The conditions on the plantations make the issue even more gruesome. These children suffer beatings and starvation, are kept locked up at night in small, filthy rooms, and work more than 12 hours without breaks. They are also subject to dangerous working conditions, including using large machetes and pesticides without protection. Although many children die or become too injured or sick to work, this does not stop people from using their labor.

Even today, slavery is prevalent because of the low purchase price (as little as 50 cents may buy a child from a parent), high profits (a child may be sold for $300), access to potential slaves, and the fact that most governments do not intervene (news.bbc.co.uk).

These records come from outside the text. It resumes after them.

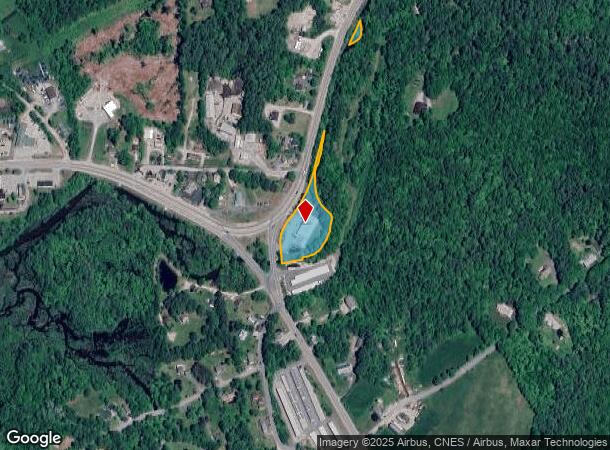 5 Route 103, Sunapee, NH Parcel Map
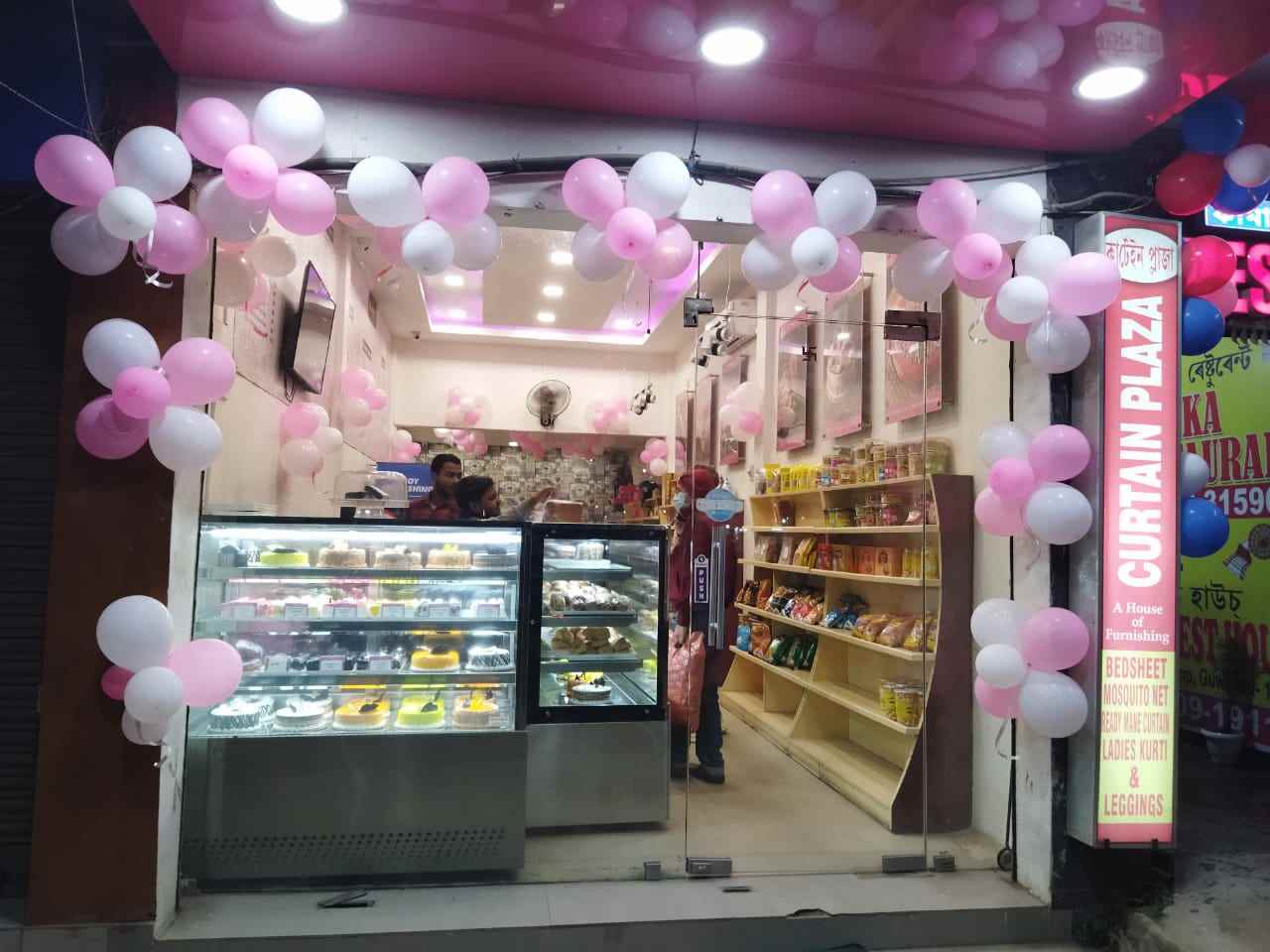 Prime Bakes Maligaon Charali - Cover photo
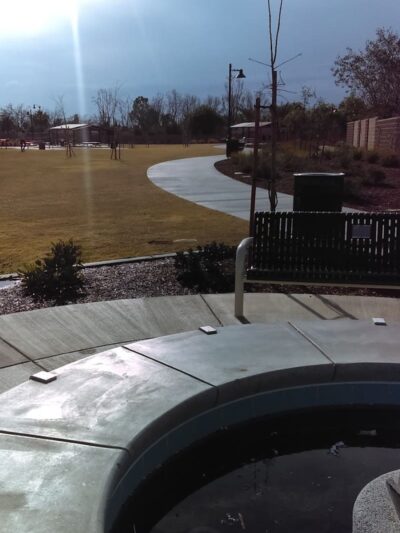 Las Palmas Park - Arvin, CA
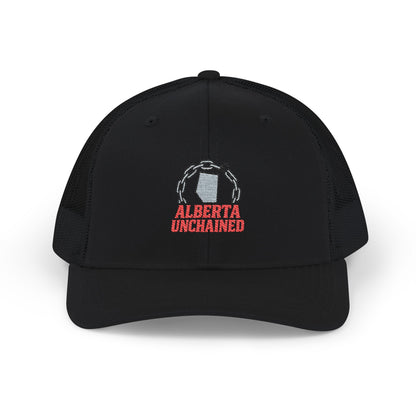 "Alberta Unchained" Trucker Hat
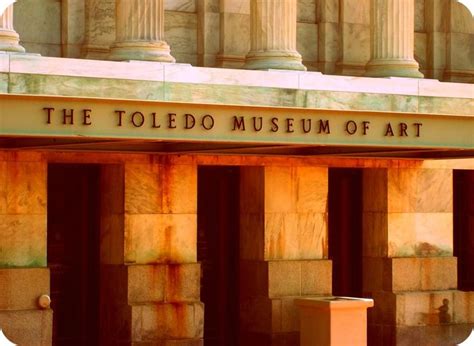 Toledo, Ohio - great art museum! | Toledo ohio, Toledo museum of art ...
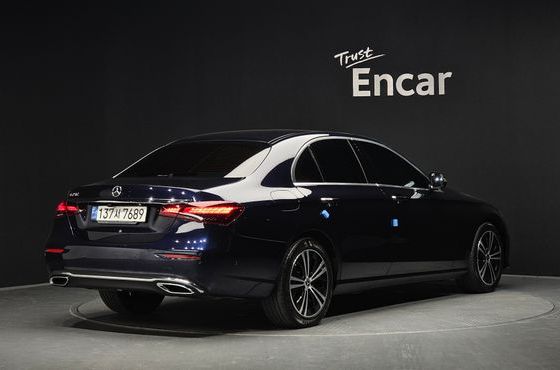 Mercedes-Benz E-Class E250 Avantgarde — пробег 86 764 км — фото 2 из 5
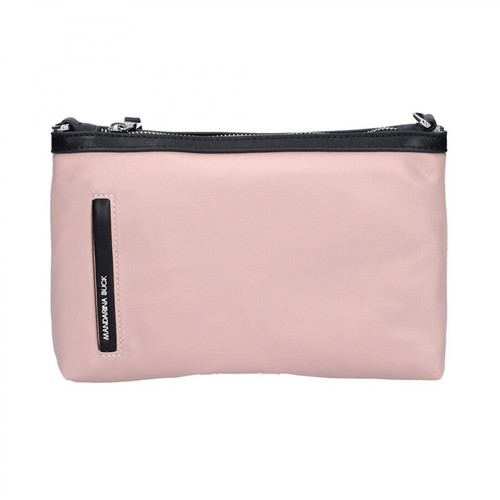 Mandarina Duck, Vcm04 Shoulder Bags Accessories Różowy, unisex, 381.00PLN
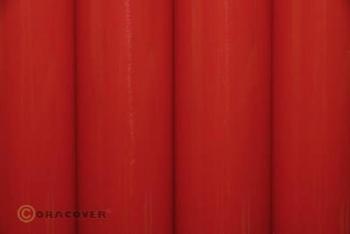 Oracover 21-022-002 nažehlovacia fólia  (d x š) 2 m x 60 cm svetločervená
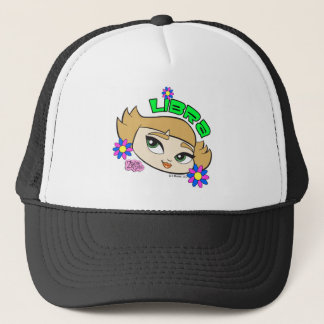 Boné Chapéu do Libra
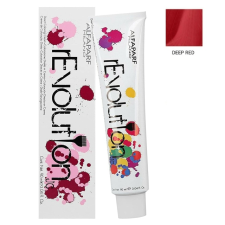 Alfaparf Revolution színező Deep Red 90ml hajfesték, színező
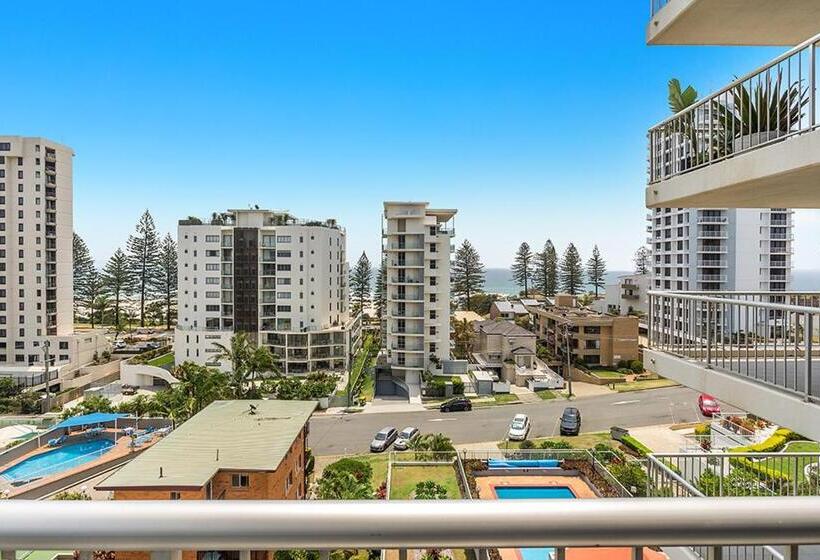 Rainbow Bay Resort Holiday Apartments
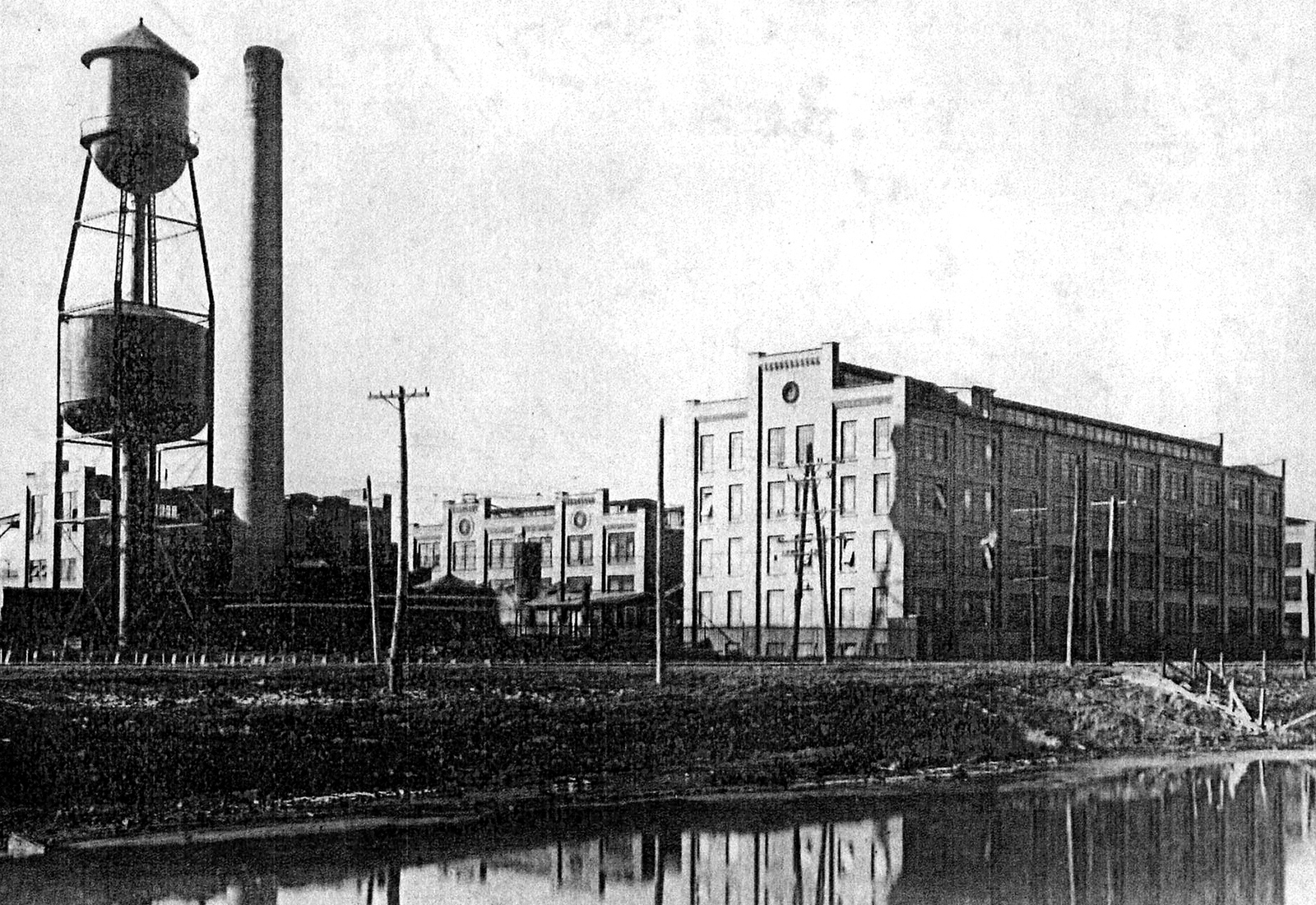 Procter & Gamble Plant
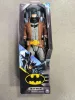 OUTLET Păpușă mare Batman în haină maro 30 cm DC Comics AMBALAJ DETERMINAT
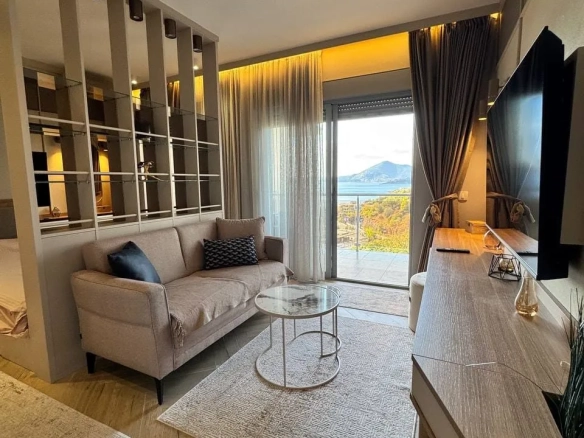 Garsonjera 34 m² – Pržno, Budva — fotografija 7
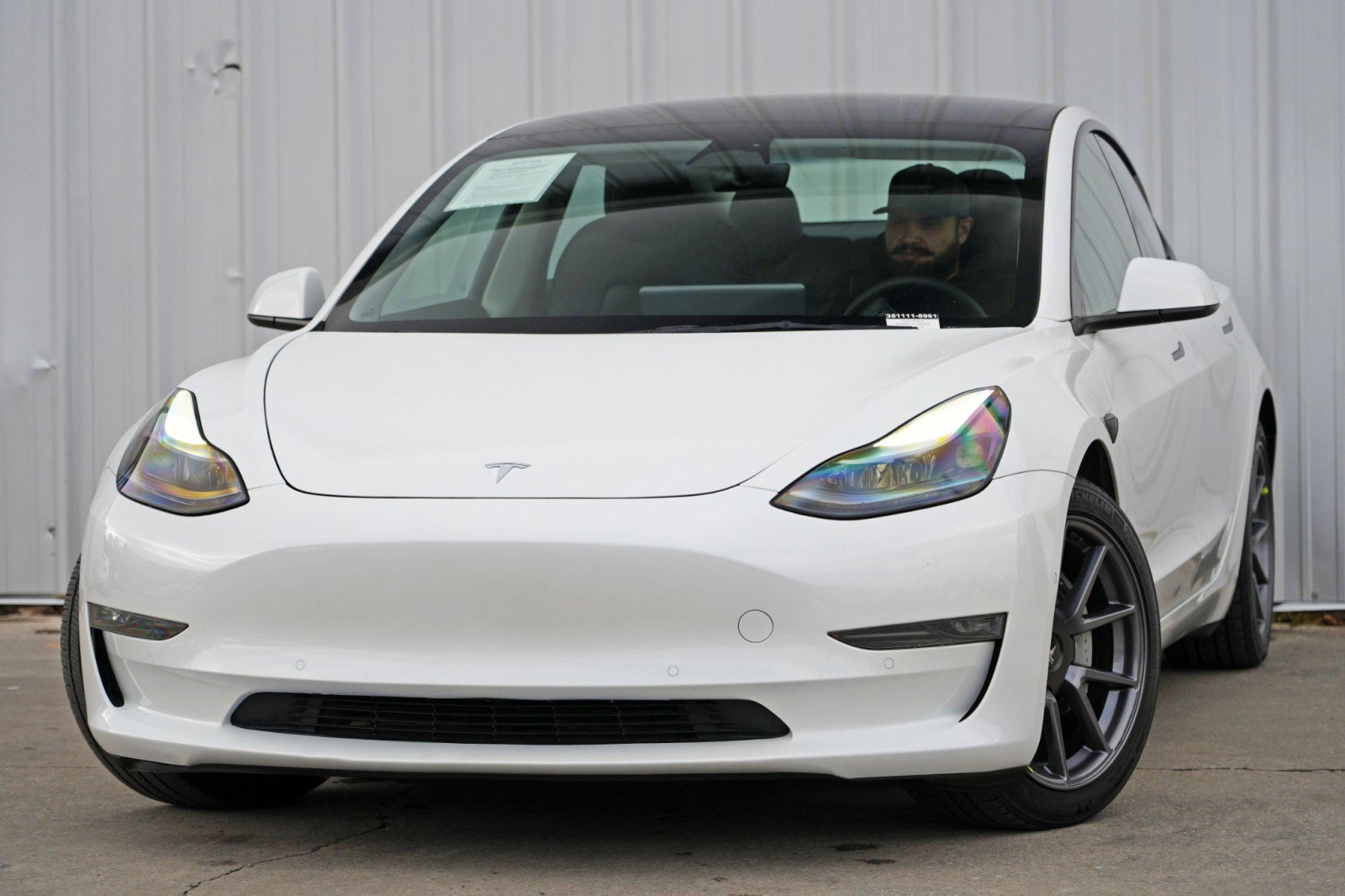 Used 2022 Tesla Model 3 Long Range image 3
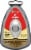 Kiwi Express Shine Instant Shine Shoe Sponge - Clear Perspective: front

It is hard to understand why people are almost completely unaware of the issue. The Ivory Coast is directly east of Liberia, where the attention of the world seems focused. On July 5, the Los Angeles Times reported that peace had been declared between the Ivory Coast and rebel leaders. Thus, a major roadblock hindering progress for these child slaves has been removed. It is time to abolish slavery once and for all, everywhere. I have been researching this issue for a year, and have interviewed over 26 chocolate manufacturers, government officials and human rights organizations. As President Bush said, "This untamed fire of justice continues to burn in the affairs of man, and it lights the way before us." Together, we can change the world.

This work has been published in the Teen Ink monthly print magazine. This piece has been published in Teen Ink’s monthly print magazine.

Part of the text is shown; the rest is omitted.